One exception is opponents shooting 43.6 percent from 3-point range, the second highest number in the league. Head coach Kenny Atkinson has said he’s more concerned with 3-point attempts allowed, and there the Nets are 15th in giving up 33.7 shots per game.
“It’ll come down,” said Atkinson of opponents’ 3-point shooting percentage. “Small sample size.”
“I would say the way we play defense is a little bit different than where a lot of different places play defense, so implementing all the new pieces and being like, hey, we have a muck terminology or a shift terminology or a black or a blue or a red or whatever it is, we have all these little things that are nuanced that are sometimes based upon feel and not just a coaches call,” said Dinwiddie. “So as we build that collective chemistry, I think the sky’s the limit because we have good individual and team defenders, it’s just getting everybody on the same page.”
After Jarrett Allen started the first two games, the Nets went with DeAndre Jordan to start at center on Sunday in Memphis.
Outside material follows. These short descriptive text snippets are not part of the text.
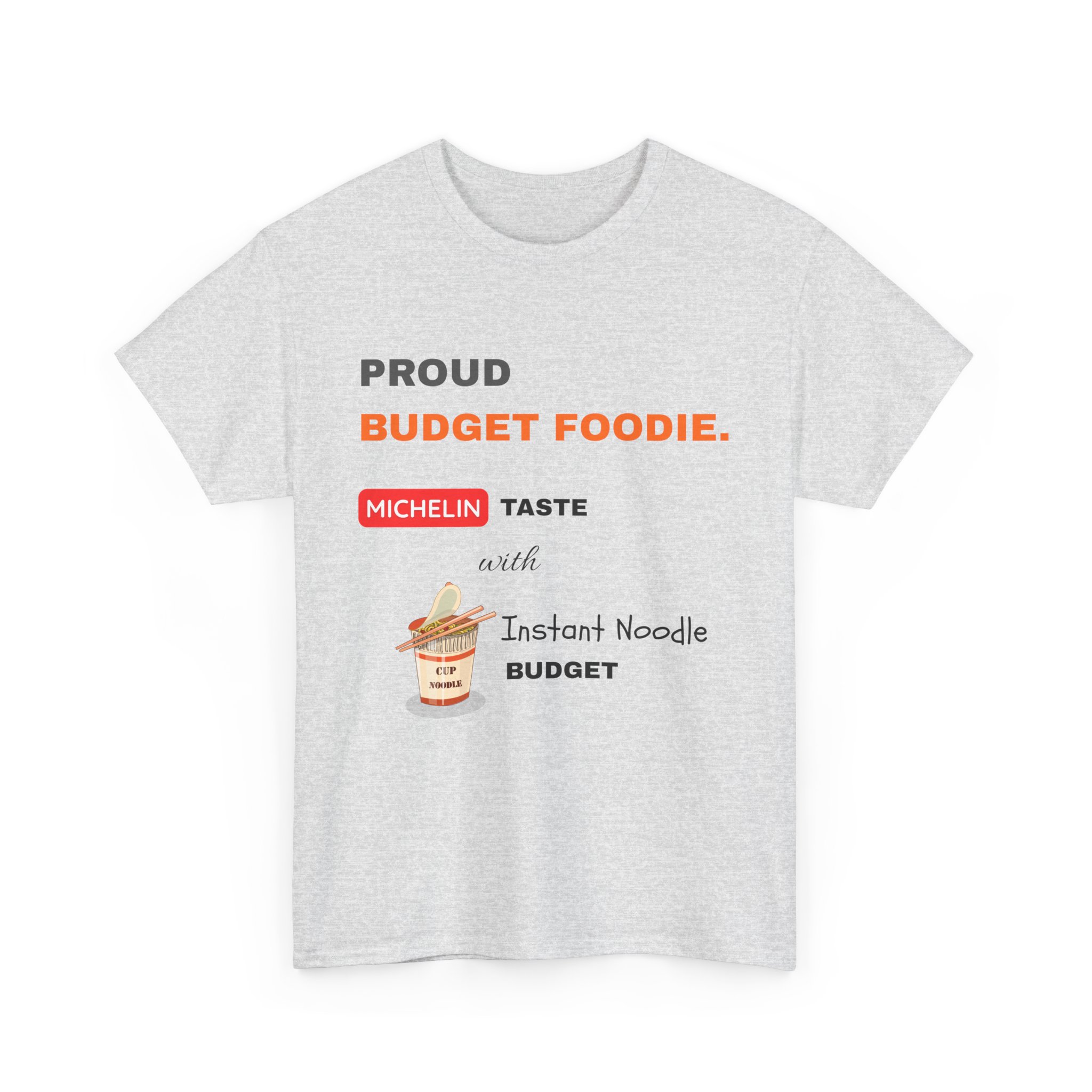 proud budget foodie michelin taste instant noodle budget funny foodie t shirt gildan 5000 proud budget foodie michelin taste instant noodle budget funny foodie t shirt gildan 5000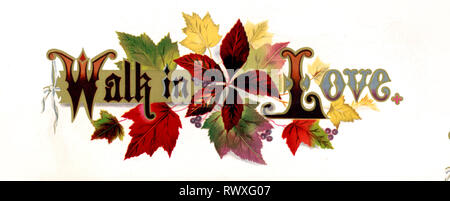 Print shows a floral arrangement of autumn leaves as a backdrop for the phrase 'Walk in Love.' Stock Photo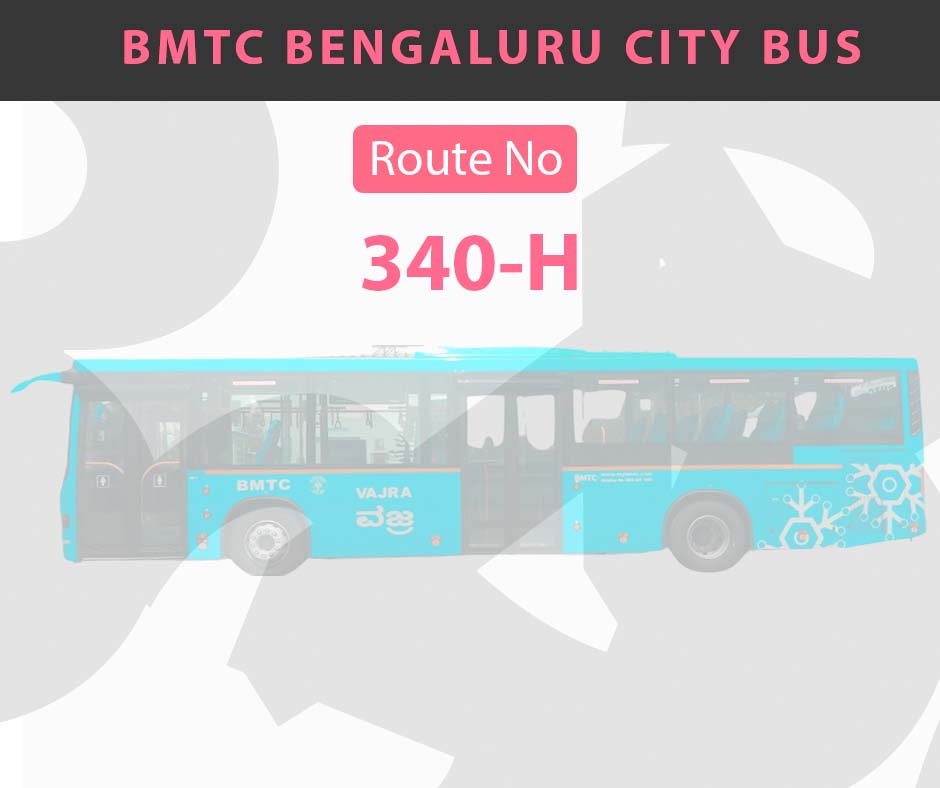 340-H BMTC Bus Bangalore City Bus Route and Timings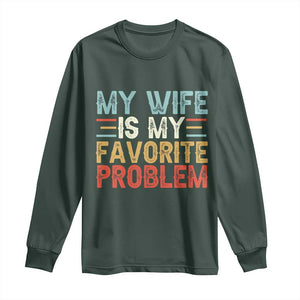 My Wife is My Favorite Problem Long Sleeve Shirt Funny Sarcastic Wife Meme TS14 Dark Forest Green Print Your Wear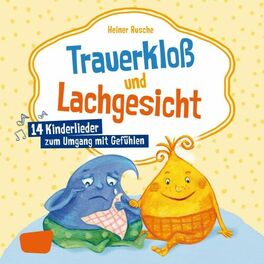 Album cover of Trauerkloß und Lachgesicht: 14 Kinderlieder zum Umgang mit Gefühlen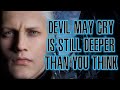 Devil May Cry Is Still Deeper Than You Think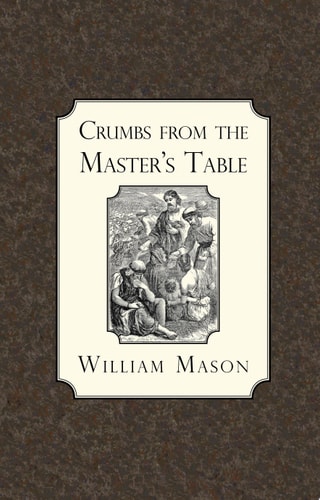 Crumbs from the Master's Table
Allen posted a double-double with 14 points and 13 rebounds, his first double-figure scoring game of the season. Jordan had 12 rebounds himself.
Through three games, Allen is averaging 11.0 rebounds and Jordan 8.7 rebounds.
“We kind of have a two-headed strength there,” said Kenny Atkinson. “It’s really a strength of ours. I think it’s matchups. It’s feel. I like what I saw last game. So we’ll see. I think we’ll continue to look at it. They’re such good guys, too. I thought Jarrett Allen was great off the bench. I thought he played really well. So I think it’s kind of a nonissue.”
SO MUCH CLUTCH
With two overtime games, the Nets are easily leading the league in clutch minutes, defined as games within five points in the final five minutes, plus overtime. As a result, they lead the league in clutch points scored, 60, while also having given up the most, 52. So Brooklyn is plus-eight in those situations despite having lost their two overtime games.
LONG ISLAND UNDERWAY
The Long Island Nets started training camp for their G League season this week and were at HSS Training Center for Tuesday’s practice session. The Nets assigned Nicolas Claxton, Theo Pinson, Rodions Kurucs and Dzanan Musa to Long Island for practice, then recalled them. Atkinson said two-way signee Henry Ellenson was with Long Island for practice on Tuesday but would be with Brooklyn on Wednesday.
“I just can’t wait see all the guys and talk to them and talk to the staff, too,” said Kenny Atkinson. “They’re part of our staff. So it’s not just the players, it’s our staff reconnecting with them and having them back. It kind of gives you the ‘man, we’ve got a real program going on here.’ I love it. I love when they practice here.” The Long Island Nets open their season Saturday, Nov. 9 on the road against the Fort Wayne Mad Ants, then open their home schedule at NYCB LIVE on Monday, Nov. 11 against the College Park Skyhawks.
ABOUT THE PACERS
The Nets have had a rough go against the Pacers during Kenny Atkinson’s tenure. Atkinson actually got his first win against Indiana on Oct. 28, 2016, but then Brooklyn dropped nine straight against the Pacers before beating them on April 7 last season to clinch a playoff spot.
But these Pacers have a different look than the team that has caused the Nets so much trouble the last two-plus seasons. Star guard Victor Oladipo has been out since late January after suffering a knee injury. Forward Bojan Bogdanovic and Thaddeus Young, both former Nets coincidentally, are gone from last season’s Eastern Conference No. 5 seed as well.
The Pacers have moved fourth-year forward Damontas Sabonis into the starting lineup alongside Myles Turner in the frontcourt, giving Indiana two 6-foot-11 players up front. Guard Malcolm Brogdon has come over from Milwaukee and leads the Pacers with 22.3 points and 10.7 assists per game. Sabonis is averaging 20.7 points and 10.7 rebounds and Turner 17.3 points and 8.3 rebounds.
Indiana has started 0-3, with two losses to Detroit and one to Cleveland.